China’s longest and most important holiday, Lunar New Year sees the whole country flushed in bright red as windows and doors are festooned in red paper decorations and people wear red clothes, decorate poems on red paper, and give their children “hong bao” (luck money) in red envelopes.

Celebrated in China and other places with Chinese populations including Hong Kong, Singapore, Thailand, Indonesia, Malaysia and Taiwan ― not to mention Chinatowns around the world ― the festivities start on the first day of the lunar month and continue until the 15th day, when the moon is full and at its brightest. 

Last year’s Lunar New Year Lantern Carnival in Hong Kong (Hong Kong Leisure and Cultural Services Department)


As with all traditional Chinese gatherings, food plays an important role in the Chinese New Year.

Elaborate New Year’s dinners involve tables laden with auspicious foods. For the whole month, Chinese families make delicacies out of oysters, seaweed, abalone and sea cucumber as symbols of good fortune. Fish represents having enough to spare, while garlic stands for eternity and wishing for a long life. Turnips are good omens. “Hao” (oysters) is an exclamation sound, signifying a wonderful event.
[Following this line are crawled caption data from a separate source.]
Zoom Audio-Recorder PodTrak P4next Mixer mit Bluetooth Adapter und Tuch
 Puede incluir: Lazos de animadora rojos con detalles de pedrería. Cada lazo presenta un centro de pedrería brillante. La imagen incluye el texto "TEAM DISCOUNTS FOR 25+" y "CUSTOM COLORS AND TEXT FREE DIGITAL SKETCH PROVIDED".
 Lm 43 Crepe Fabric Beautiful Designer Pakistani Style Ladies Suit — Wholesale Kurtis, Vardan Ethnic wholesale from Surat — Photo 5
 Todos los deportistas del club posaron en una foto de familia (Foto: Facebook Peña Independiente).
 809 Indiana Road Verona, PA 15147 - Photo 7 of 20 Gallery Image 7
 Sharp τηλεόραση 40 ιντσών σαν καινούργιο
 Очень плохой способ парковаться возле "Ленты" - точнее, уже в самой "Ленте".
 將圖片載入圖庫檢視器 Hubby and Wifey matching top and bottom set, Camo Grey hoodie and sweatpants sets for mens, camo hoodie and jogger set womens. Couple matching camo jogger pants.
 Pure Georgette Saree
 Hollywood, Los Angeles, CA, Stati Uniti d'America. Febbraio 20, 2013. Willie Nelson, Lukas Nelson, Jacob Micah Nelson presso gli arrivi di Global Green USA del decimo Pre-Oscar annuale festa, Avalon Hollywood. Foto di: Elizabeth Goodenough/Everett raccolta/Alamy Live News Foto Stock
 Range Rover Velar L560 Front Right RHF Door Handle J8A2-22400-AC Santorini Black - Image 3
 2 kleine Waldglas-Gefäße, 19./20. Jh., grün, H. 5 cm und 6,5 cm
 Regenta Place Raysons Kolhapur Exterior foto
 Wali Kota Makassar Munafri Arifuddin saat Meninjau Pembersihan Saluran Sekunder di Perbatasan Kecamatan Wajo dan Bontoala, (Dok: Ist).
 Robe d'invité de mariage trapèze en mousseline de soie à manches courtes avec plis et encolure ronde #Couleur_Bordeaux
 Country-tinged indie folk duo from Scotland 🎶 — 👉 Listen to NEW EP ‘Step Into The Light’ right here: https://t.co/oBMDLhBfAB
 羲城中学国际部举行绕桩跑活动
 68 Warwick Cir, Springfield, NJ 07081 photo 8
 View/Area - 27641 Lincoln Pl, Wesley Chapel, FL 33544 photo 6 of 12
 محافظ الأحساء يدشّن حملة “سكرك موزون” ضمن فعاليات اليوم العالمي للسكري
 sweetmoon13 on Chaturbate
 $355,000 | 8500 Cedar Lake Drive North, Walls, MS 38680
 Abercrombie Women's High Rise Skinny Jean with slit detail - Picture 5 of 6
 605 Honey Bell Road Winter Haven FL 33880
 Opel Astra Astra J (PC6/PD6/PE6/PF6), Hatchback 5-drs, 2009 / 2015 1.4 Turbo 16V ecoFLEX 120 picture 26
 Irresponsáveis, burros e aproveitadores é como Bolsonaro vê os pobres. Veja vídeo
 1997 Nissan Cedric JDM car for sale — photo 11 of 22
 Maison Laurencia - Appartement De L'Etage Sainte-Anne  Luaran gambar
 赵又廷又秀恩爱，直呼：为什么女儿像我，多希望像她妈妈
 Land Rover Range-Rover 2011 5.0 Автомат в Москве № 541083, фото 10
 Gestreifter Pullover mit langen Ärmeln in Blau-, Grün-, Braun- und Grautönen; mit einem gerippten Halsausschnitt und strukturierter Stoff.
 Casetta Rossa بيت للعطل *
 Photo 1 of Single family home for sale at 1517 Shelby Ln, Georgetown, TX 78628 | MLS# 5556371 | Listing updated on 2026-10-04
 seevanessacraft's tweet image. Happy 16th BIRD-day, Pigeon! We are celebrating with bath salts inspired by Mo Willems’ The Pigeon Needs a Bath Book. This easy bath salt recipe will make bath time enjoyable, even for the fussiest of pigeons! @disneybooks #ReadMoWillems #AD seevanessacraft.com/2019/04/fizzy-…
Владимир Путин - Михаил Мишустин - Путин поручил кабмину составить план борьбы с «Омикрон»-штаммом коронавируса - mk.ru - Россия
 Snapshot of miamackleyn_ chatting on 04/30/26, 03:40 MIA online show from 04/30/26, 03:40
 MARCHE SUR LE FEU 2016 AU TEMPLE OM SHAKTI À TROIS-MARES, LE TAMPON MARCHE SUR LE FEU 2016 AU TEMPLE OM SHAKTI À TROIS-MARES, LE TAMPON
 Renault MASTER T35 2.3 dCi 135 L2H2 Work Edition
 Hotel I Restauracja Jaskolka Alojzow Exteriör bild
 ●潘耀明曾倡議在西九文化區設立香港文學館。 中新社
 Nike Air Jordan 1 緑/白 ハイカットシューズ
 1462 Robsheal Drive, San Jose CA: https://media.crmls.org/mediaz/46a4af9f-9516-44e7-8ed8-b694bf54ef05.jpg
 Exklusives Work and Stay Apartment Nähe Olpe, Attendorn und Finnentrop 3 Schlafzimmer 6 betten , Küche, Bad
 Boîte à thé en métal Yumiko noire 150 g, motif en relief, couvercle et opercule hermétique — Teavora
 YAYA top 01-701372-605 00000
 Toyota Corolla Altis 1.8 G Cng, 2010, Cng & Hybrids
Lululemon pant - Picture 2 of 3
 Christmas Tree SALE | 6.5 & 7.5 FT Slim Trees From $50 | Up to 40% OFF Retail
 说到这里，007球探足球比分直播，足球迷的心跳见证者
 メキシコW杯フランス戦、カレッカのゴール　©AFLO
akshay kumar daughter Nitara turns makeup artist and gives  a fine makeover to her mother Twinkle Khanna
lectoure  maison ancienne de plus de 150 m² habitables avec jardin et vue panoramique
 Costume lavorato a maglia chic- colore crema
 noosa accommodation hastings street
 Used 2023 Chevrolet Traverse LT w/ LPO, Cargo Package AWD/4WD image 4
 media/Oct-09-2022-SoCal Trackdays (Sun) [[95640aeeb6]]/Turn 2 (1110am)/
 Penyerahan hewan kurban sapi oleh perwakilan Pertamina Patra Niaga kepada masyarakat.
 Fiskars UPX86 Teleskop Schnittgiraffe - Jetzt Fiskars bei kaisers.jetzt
Korea’s only official Chinatown, Incheon Chinatown, hosts plenty of Chinese restaurants and souvenir shops in the city center near Incheon Station. Most street vendors and restaurant people are Chinese. With more than 126 years of history, most of the shops found in Chinatown are adorned with Chinese folk displays and paintings.

Celebrate the New Year by wandering around Chinatown, taking in the huge display of red lanterns and indulging in scrumptious Chinese New Year meals.

Vietnam

To the south of mainland China, Vietnam celebrates the family holiday with similar New Year festivities. “Tet,” short for “Tet Nguyen Dan,” which means the first morning of the first day of a new era, marks the beginning of a new year on the lunar calendar, and the beginning of spring.

To wash away the bad luck of the old year, Vietnamese houses are painted and cleaned.

Flowers have a special meaning in Vietnamese culture, signifying feelings of optimism and the joy of living. People spend days decorating the house with kumquat trees, peach blossom branches and other colorful flowers.

Before the annual Tet celebration, many temporary flower markets pop up on sidewalks and in other public areas, and the country smells heavenly of bonsais, kumquats, flowers and apricot trees.

In particular, Vietnamese families bring a Mandarin orange tree into the house for luck and prosperity, hanging greeting cards and good luck symbols on its branches. The more fruit on the tree, the luckier the family.

Food also plays a major role in the Tet celebration. Considered an indispensable dish of the holiday, “Banh Chung” (Earth cake) is placed on the ancestors’ altars to show gratitude to the family’s ancestors and mother Earth. Made of sticky rice, pork meat and green beans, Banh Tet, as well as the long process from making to savoring it, has become a significant part of Tet reunions among families on the first day of the New Year.

For those who want to get a taste of Vietnam’s traditional family celebrations, the Sulnal Han-madang festival at the National Folk Museum of Korea will provide visitors with two parcels of Korean and Vietnamese New Year’s goodies. Children will learn about the “phong bao l x” (red envelope), in which Vietnamese children receive lucky money. There will also be an area where children can play many different instruments from different countries in front of the museum gate.